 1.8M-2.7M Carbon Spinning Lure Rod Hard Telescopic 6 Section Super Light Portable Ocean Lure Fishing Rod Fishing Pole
---
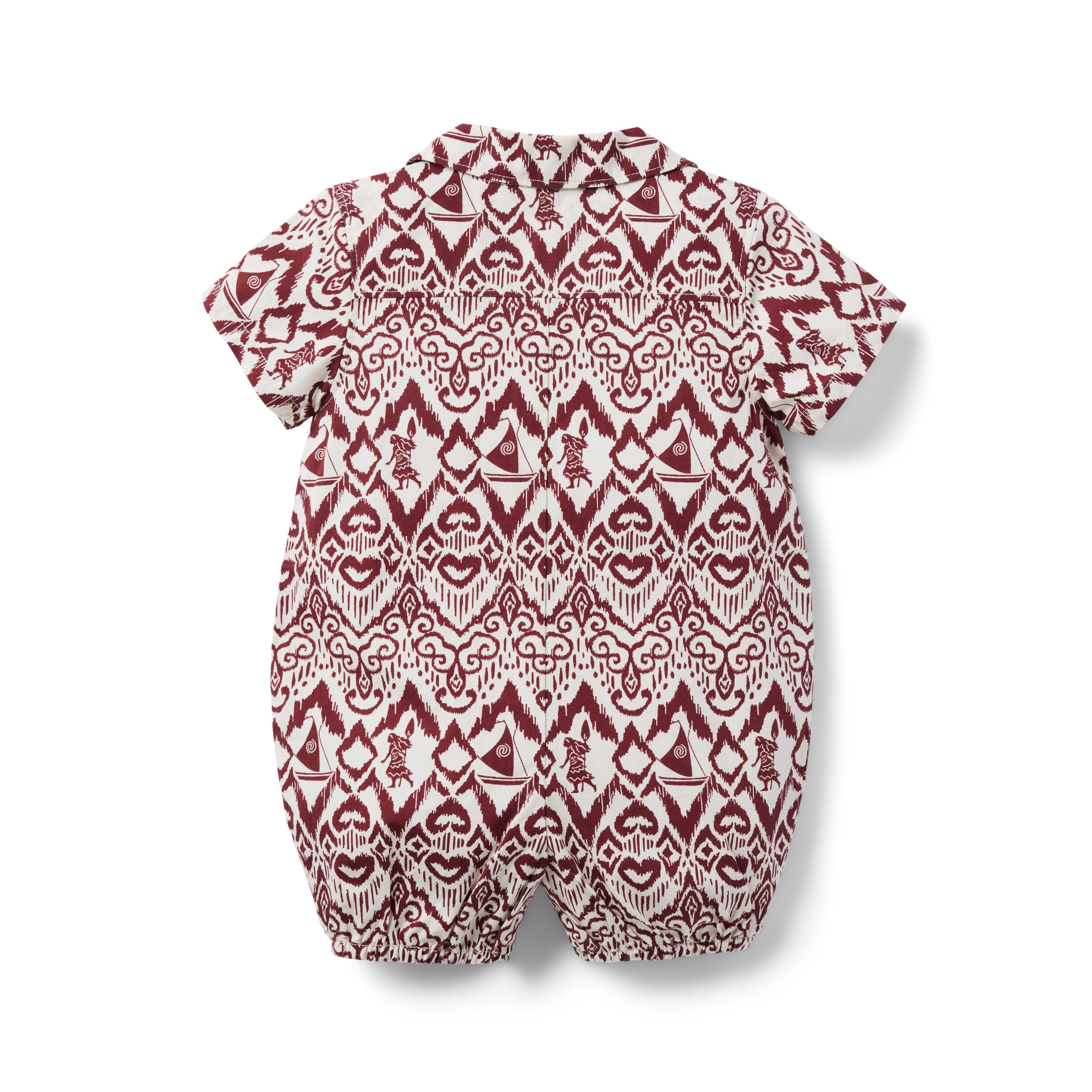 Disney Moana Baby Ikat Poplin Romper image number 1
...
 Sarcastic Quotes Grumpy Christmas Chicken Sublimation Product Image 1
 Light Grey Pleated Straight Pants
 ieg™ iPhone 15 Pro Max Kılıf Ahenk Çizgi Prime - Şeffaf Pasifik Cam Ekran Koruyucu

▶ WHAT TO WORK ON
Could you transcribe the entries above word for word, from the line with "Light Grey Pleated Straight Pants" down to the line with "ieg™ iPhone 15", keeping both?

▶ WRITTEN ANSWER
 Light Grey Pleated Straight Pants
 ieg™ iPhone 15 Pro Max Kılıf Ahenk Çizgi Prime - Şeffaf Pasifik Cam Ekran Koruyucu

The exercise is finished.